At that point, accessing .something will call this getter function, without the parens. Be sure not to use .something(), or you'll be calling whatever is returned (helpfully named 'whatever' in the example above), and if it's not callable, you'll get an exception.

Defining Getter, Setter, and Deller in One

Let's take an example adapted from one of the comments at ActiveState:

def Property(func)
    return property(**func())

class Person(object):
    @Property
    def name():
        doc = "The person's name"

        def fget(self):
            return "%s %s" % (self.first_name, self.last_name)

        def fset(self, name):
            self.first_name, self.last_name = name.split()

        def fdel(self):
            del self.first_name
            del self.last_name

        return locals()

The advantage to this strategy is that it allows you to define all the arguments to property without filling up the class's namespace with _get_foo, _set_foo, and so on.

The disadvantage is that you already have 3 levels of indentation in your 'top-level' getter function code. I personally avoid it for this reason. As noted before, though, most of the time you can get away with not having a setter at all.

Example: Django URLs

For a long time, in the Django world, .get_absolute_url() was the way you got URLs for objects. django.core.urlresolvers.reverse has gained some ground - and in terms of DRYness, is a better answer - but let me tell you, reverse("appname-modelname", args=[object.slug]) is not so fun, particularly when you change that URL pattern name and have to update a few dozen {% url %} tags. (sed and grep help a lot with that, but many developers, myself included on most days, don't have enough sed-fu to use it without the man page open).

.get_absolute_url() has it's own set of problems. For starters, it ties the model layer to the URL layer, kind of, sort of, maybe. But reverse() is ugly because you have to remember what the arguments are, what order they're in, and how you're supposed to get the damned things anyway. If you're doing a RESTful, hierarchy-oriented URL scheme, this can get ugly fast:

# to get '/books/a-midsummer-nights-dream/reviews/overall-nice-odd-grammar/update/':
review_update_url = reverse("books-review-update", args=[self.book.slug, self.slug])

And, there's no way of knowing that you need the book slug, as opposed to the book id, unless you go look up the URLconf. And that'll interrupt your flow, or you can just guess, and then you'll interrupt your flow anyway to debug the NoReverseMatch that you just got.

Enter property. Who's really the authority on Review's URLs? Well, technically, the URLconf. But in some ethereal sense, shouldn't Review be arbitrating it's own URLs?
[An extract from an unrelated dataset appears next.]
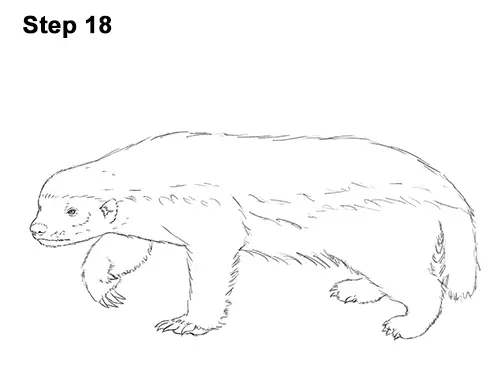 Draw Honey Badger 18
That's what .get_absolute_url() did, and it worked pretty well; a considered, balanced 'denormalization' for the sake of convenience at the expense of DRY.

Unfortunately, get_absolute_url() has its own problem (besides the theoretical ones) - namely, there's only one of it. For each object, typically, you'll have several URLs:

/books/ - an index/list/search page
/books/new/ - A new submission form
/books/(regexp)/ - a view/update page
/books/(regexp)/delete/ - A delete/confirm delete page
/books/(regexp)/reviews/ - *another* index/list/search page
...

At first, property only makes this less painful:

from django.core.urlresolvers import reverse

class Book(models.Model):
    # for compatibility, I'm leaving .get_absolute_url()
    def get_absolute_url(self):
        return reverse("books-view", args=[self.slug])
    absolute_url = property(get_absolute_url)

    @property
    def reviews_url(self):
        return reverse("books-reviews", args=[self.slug])

    @property
    def delete_url(self):
        return reverse("books-delete", args=[self.slug])

But if you're paying attention, you'll see all these seem to follow the same pattern:

@property
def SOMETHING_url(self):
    return reverse("books-SOMETHING", args=[self.slug])

If you can see where I'm going, now's probably the time to start running away.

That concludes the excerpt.